- 4 skinless boneless chicken breasts
- full recipe for homemade Italian dressing (about 1 cup + 2 Tablespoons, divided)1
- about 1 pound tomatoes, chopped (about 1 and 1/2 cups chopped)
- 3 Tablespoons chopped basil leaves
- 2 whole garlic cloves, minced
- salt and freshly ground black pepper to taste
- 2 Tablespoons olive oil
- 2 large zucchini, spiralized into noodles2
- Marinate the chicken in advance: Place chicken breasts into a large ziplock bag or shallow tupperware. Pour 1 cup of dressing on top and make sure it covers every inch of chicken. Seal up and refrigerate for 2 – 24 hours. I always for at least 8 hours for the best flavor.
- Make the bruschetta topping in advance: Combine the chopped tomatoes, basil leaves, minced garlic, and 2 Tablespoons remaining Italian dressing. Add salt and freshly ground pepper to taste. Cover tightly and refrigerate for 2 – 24 hours.
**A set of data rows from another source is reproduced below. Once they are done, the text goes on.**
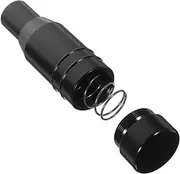 BELLIFFY Sporty Gear Stick Knob Cover Aluminum Alloy Car Gear Shift Lever Panel for Automatic Transmission
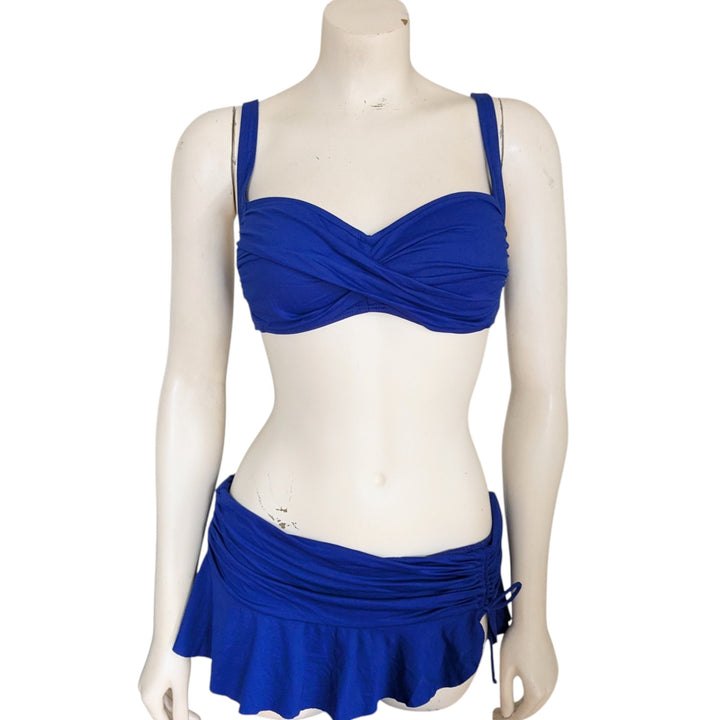 La Blanca 2 Piece Swimsuit Size 8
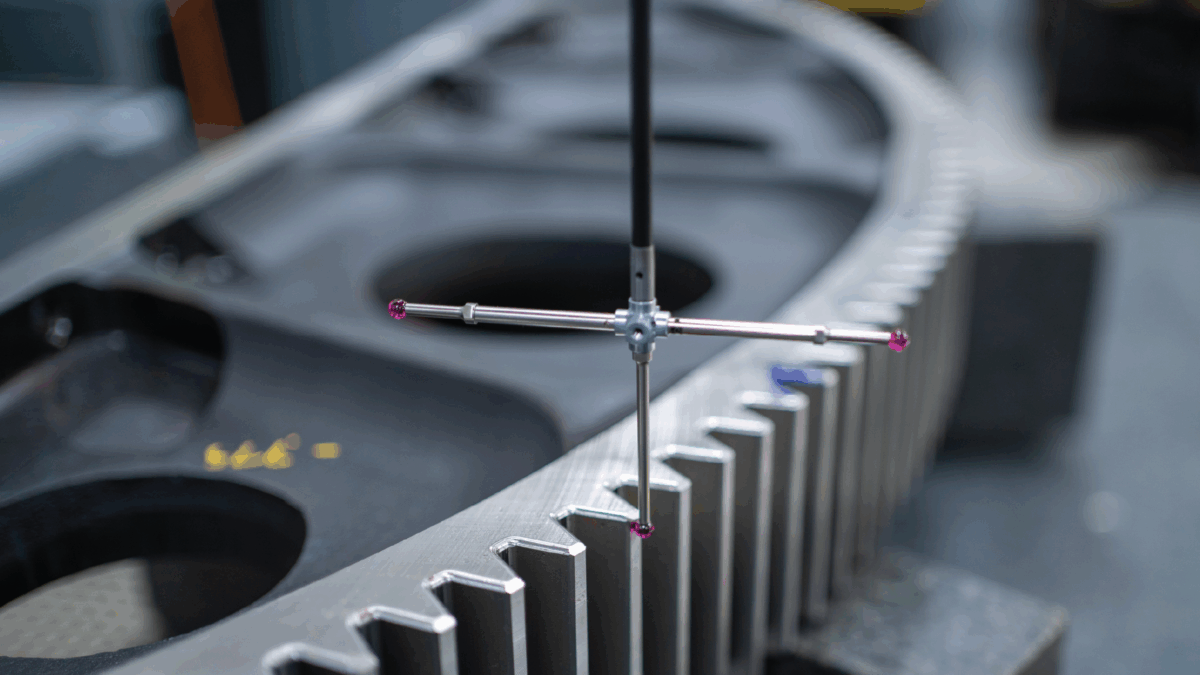 PC-DMIS Gear for Precision Gear Inspection | Advanced Inspection Services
- In a large skillet, heat 1 Tablespoon of olive oil over medium heat. Add the marinated chicken and cook for 15 minutes, turning once. You want the chicken nice and browned on the outside while fully cooked inside. Remove the chicken from the skillet; do not clean out skillet.
- Add 1 Tablespoon of olive oil to the skillet, followed by the zucchini noodles and 3/4 cup of the bruschetta topping. Cook for 5-6 minutes, stirring occasionally. The noodles will cook down, absorbing all the flavor. Remove from heat and place chicken on top of the noodles– or, if using a serving dish, place noodles on first and top with chicken.
- Evenly top each chicken breast with remaining bruschetta mixture. Serve immediately. Leftovers keep well in the refrigerator for a few days. Reheat to your liking.